TASK INSTRUCTIONS: Set down every line from the one containing "Set in Mahogany" through the last line of the records below, exactly as written, and leave out the pictures.
═══ PROVIDED RECORDS ═══
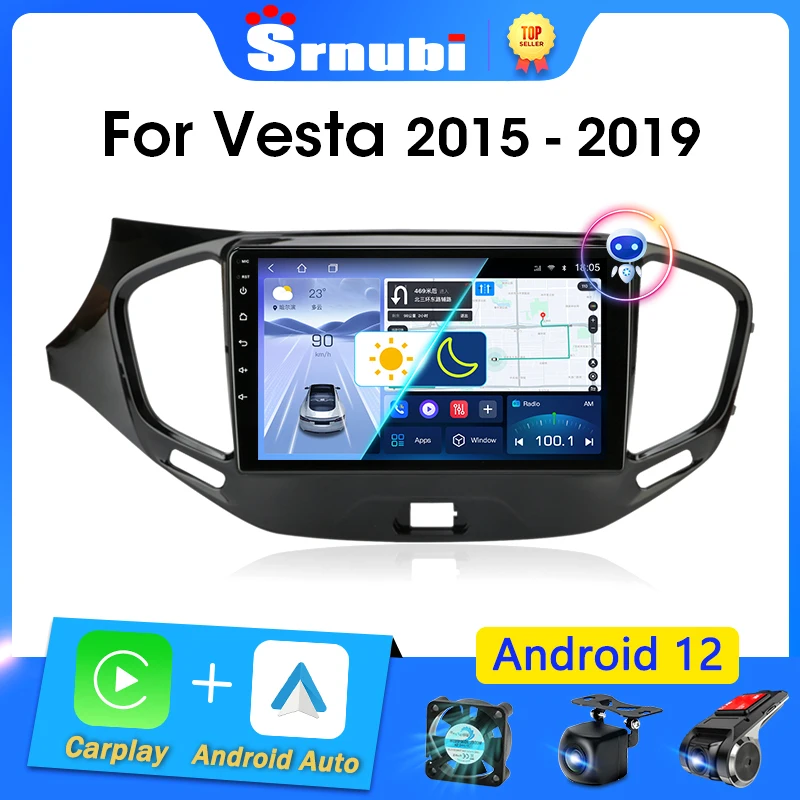 Srnubi Android 12 Carplay Car Radio for LADA Vesta Cross Sport 2015 - 2020 Multimedia Player 2 Din Stereo GPS IPS DVD Autoradio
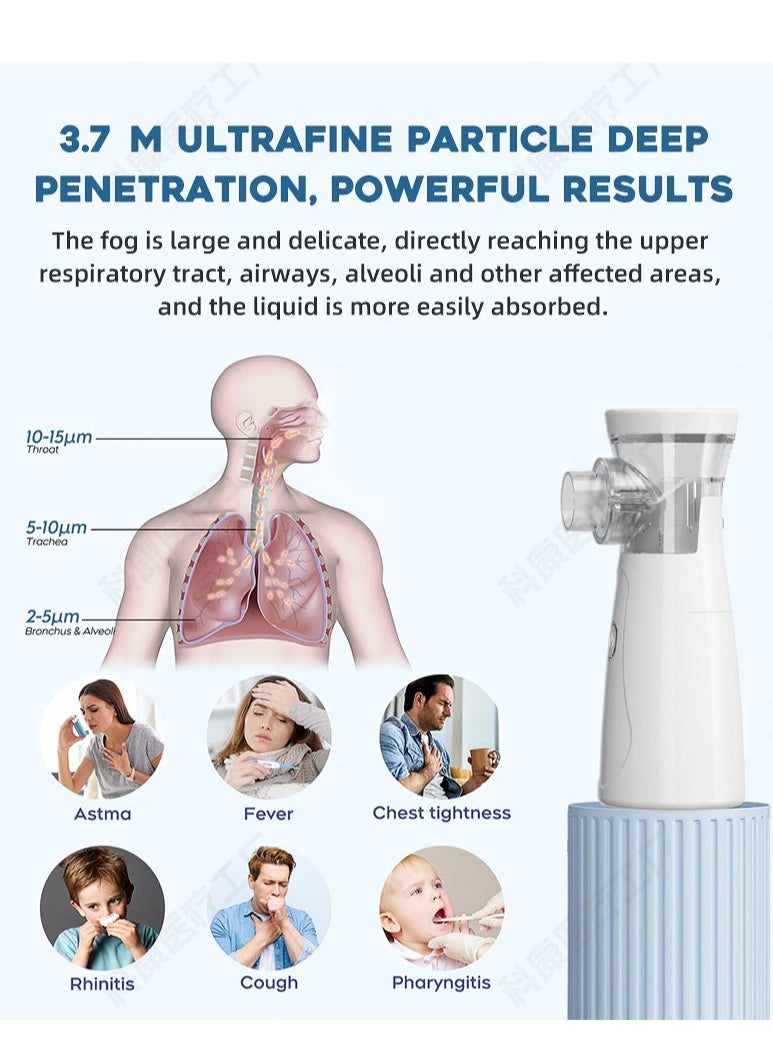 Angmei - Automatic Medical Portable Steam Inhaler，Electronic Mesh ultrasonic steamer Inhaler for Adults and Children，Relieve Allergies, Asthma and Breathing Problems - Image 1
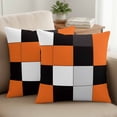 thumbnail image 2 of Set of 2 Orange Black Patchwork Pillow Covers 16x16 Inch, Abstract Geometric Art Decorative Throw Pillow Cases Cotton Cushion Covers for Sofa Couch Bed Living Room Bedroom Home Decor, 2 of 9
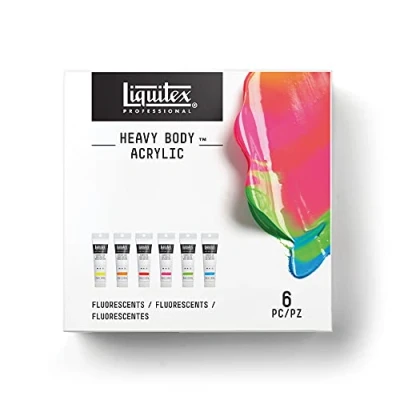 Abbildung von Liquitex 3699385 Professional Heavy Body Acrylfarbe in Künstlerqualität mit ausgezeichneter Lichtechtheit buttriger Konsistenz 6 Farben Set Fluo, 59 ml (6er Pack)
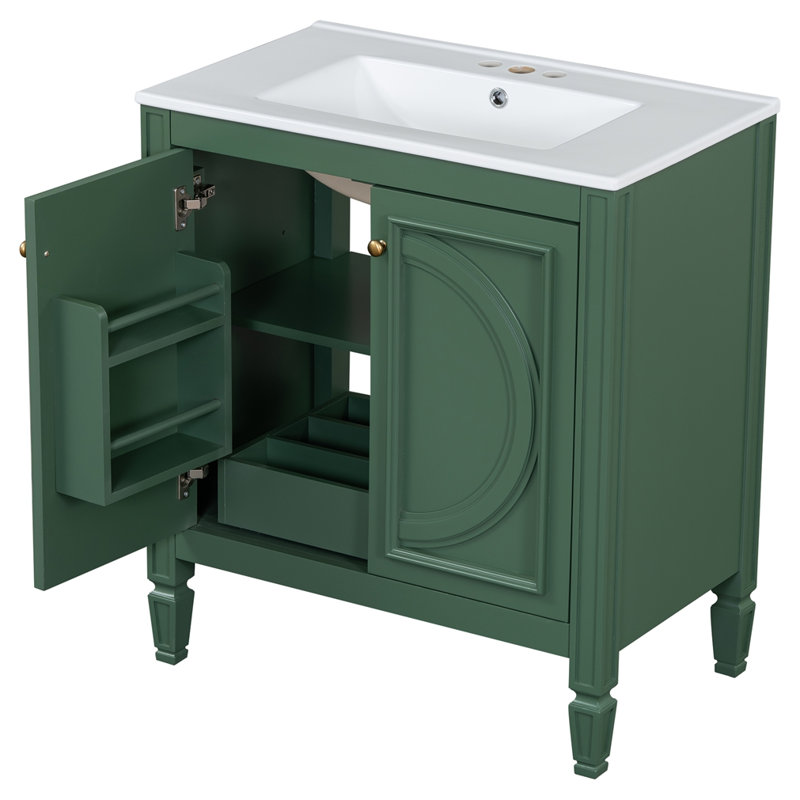 Meuble-lavabo 30 po avec lavabo, Vert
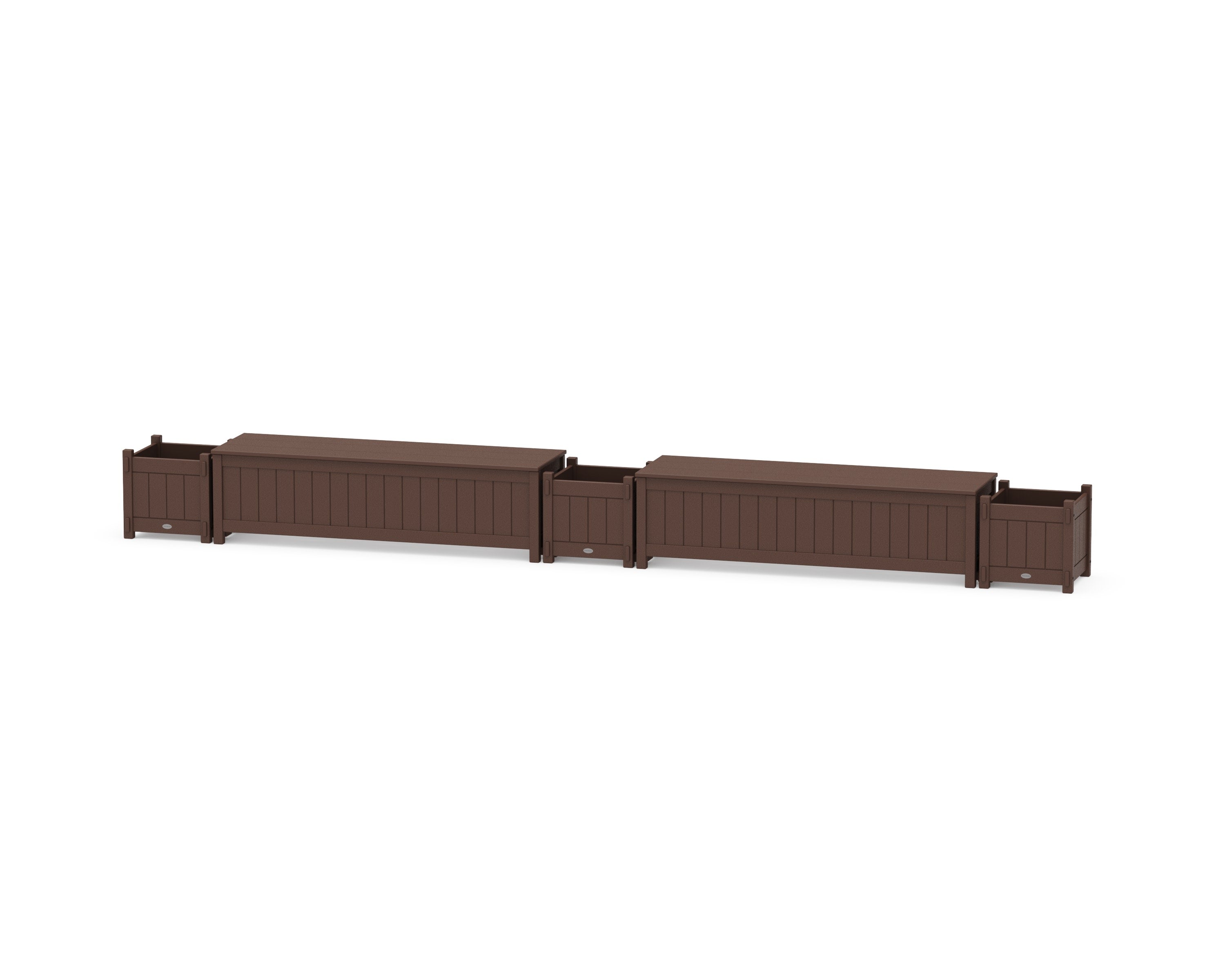 60" Vineyard Straight Double Planter Storage Bench Set in Mahogany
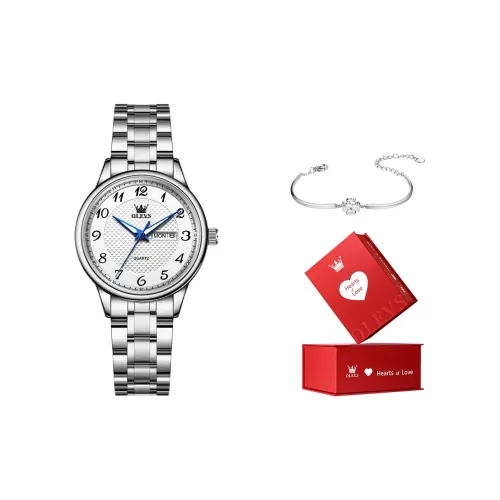 OLEVS Minimalist Series Кварцевый механизм ремешок из нержавеющей стали женские часы белый циферблат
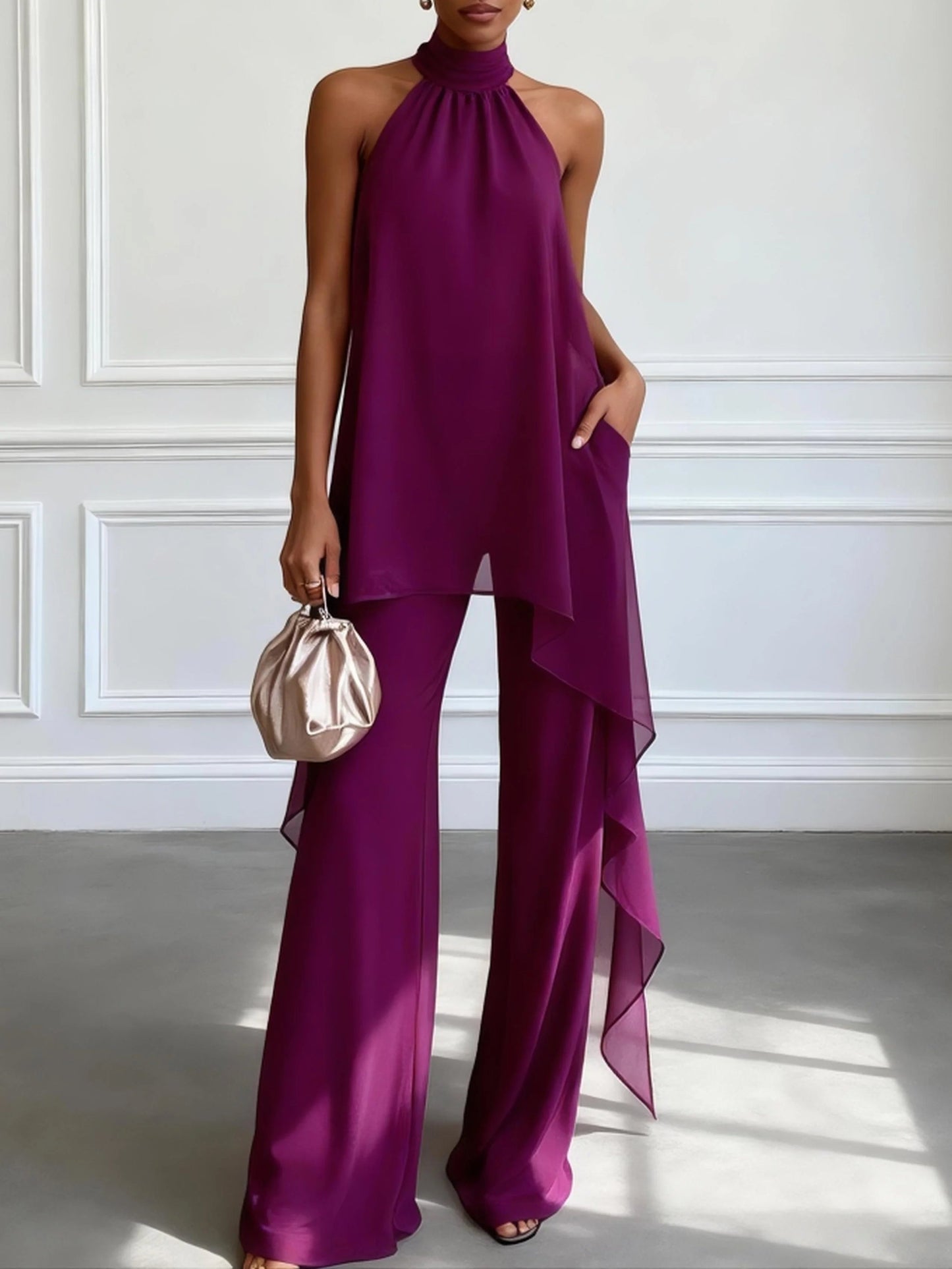 Veda™ Conjunto Elegante Halter con Pantalón Fluido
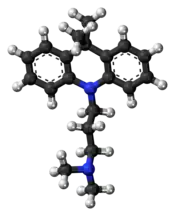 Ball-and-stick model of the dimetacrine molecule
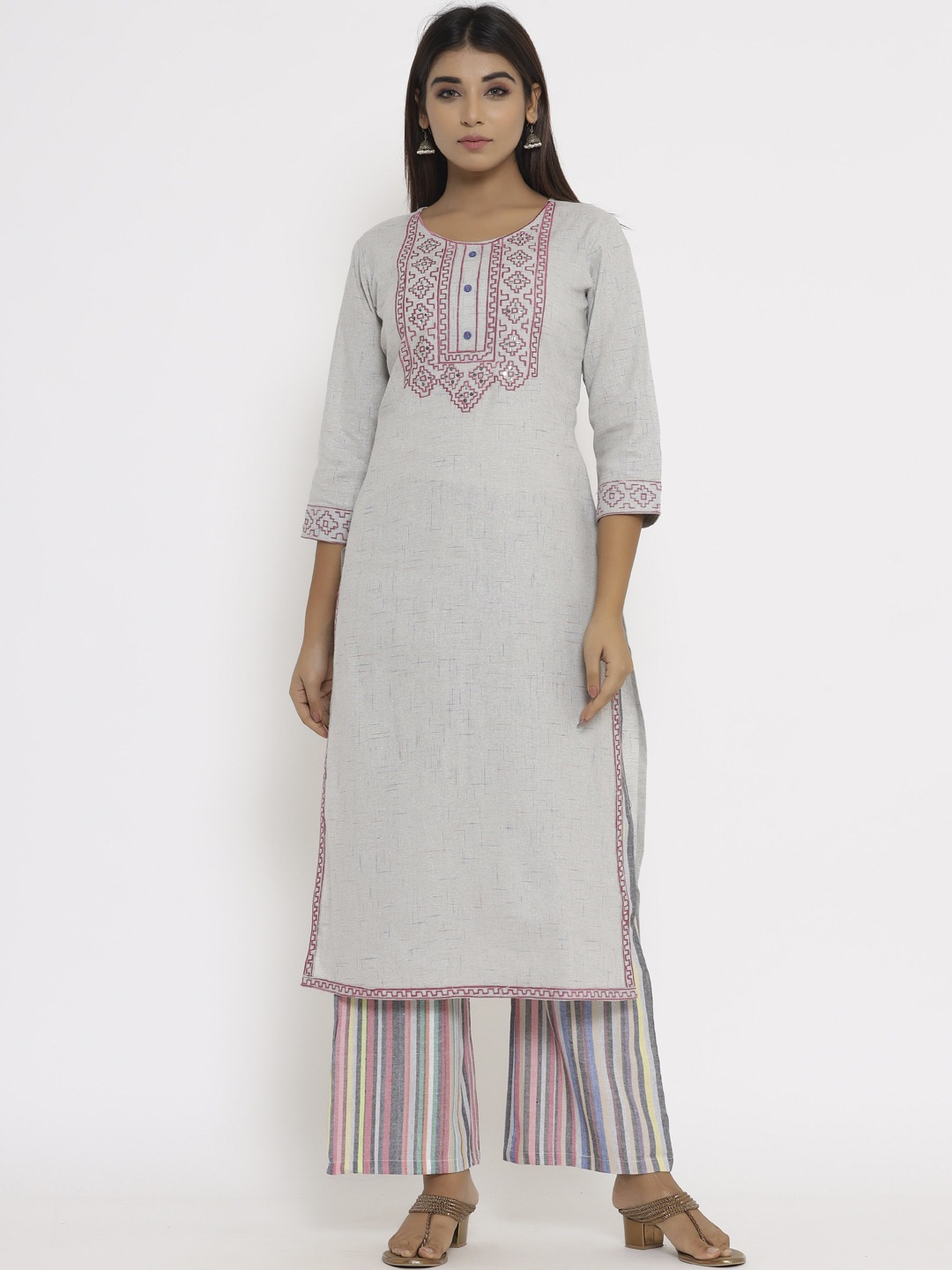 

Silai Bunai Women Grey Embroidered Thread Work Kurta with Palazzos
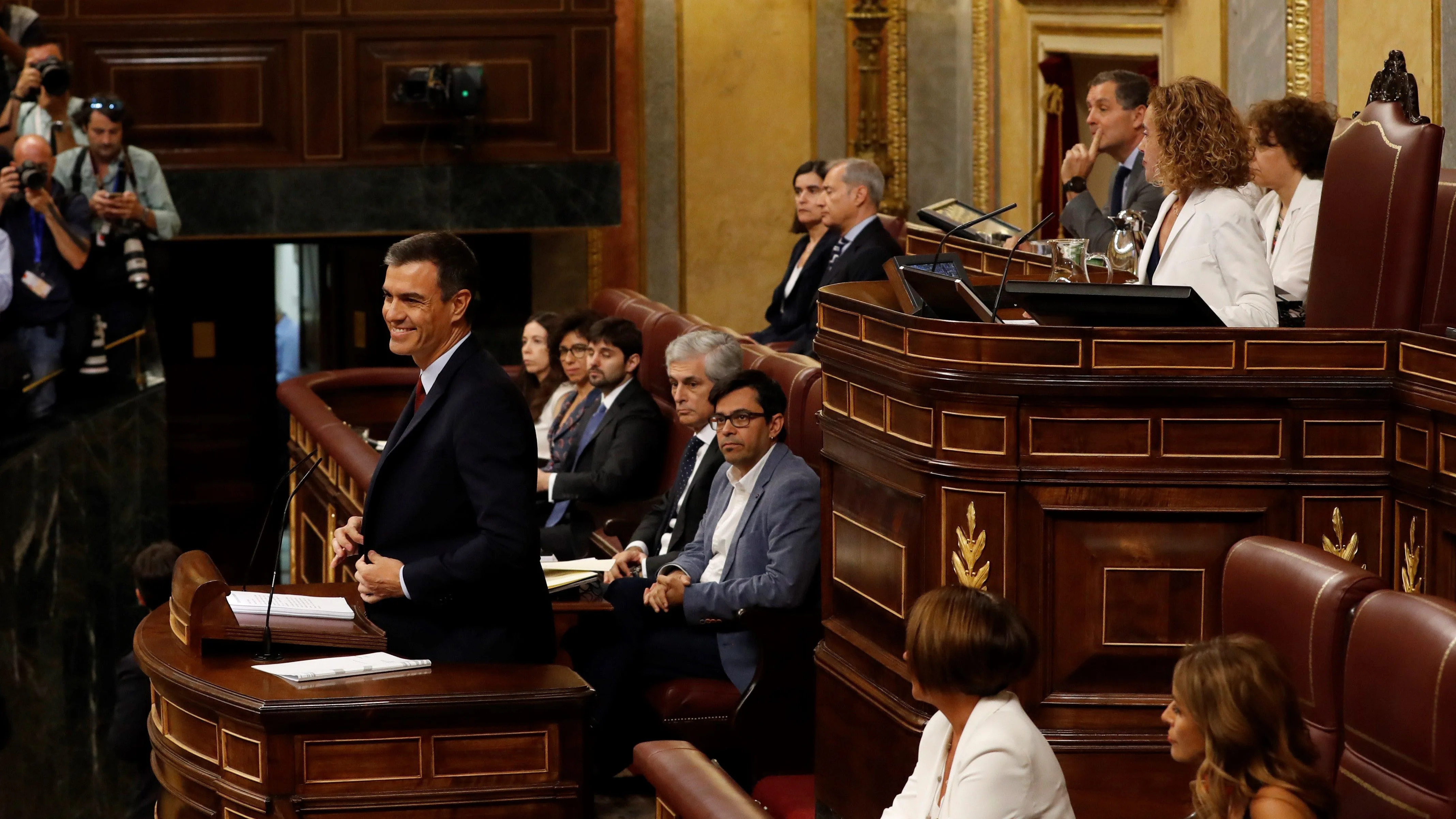 Pedro Sánchez en el Congreso durante la sesión de investidura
═══
RESPONSE FOR THIS EXERCISE:
 60" Vineyard Straight Double Planter Storage Bench Set in Mahogany
 OLEVS Minimalist Series Кварцевый механизм ремешок из нержавеющей стали женские часы белый циферблат
 Veda™ Conjunto Elegante Halter con Pantalón Fluido
 Ball-and-stick model of the dimetacrine molecule

Silai Bunai Women Grey Embroidered Thread Work Kurta with Palazzos
 Pedro Sánchez en el Congreso durante la sesión de investidura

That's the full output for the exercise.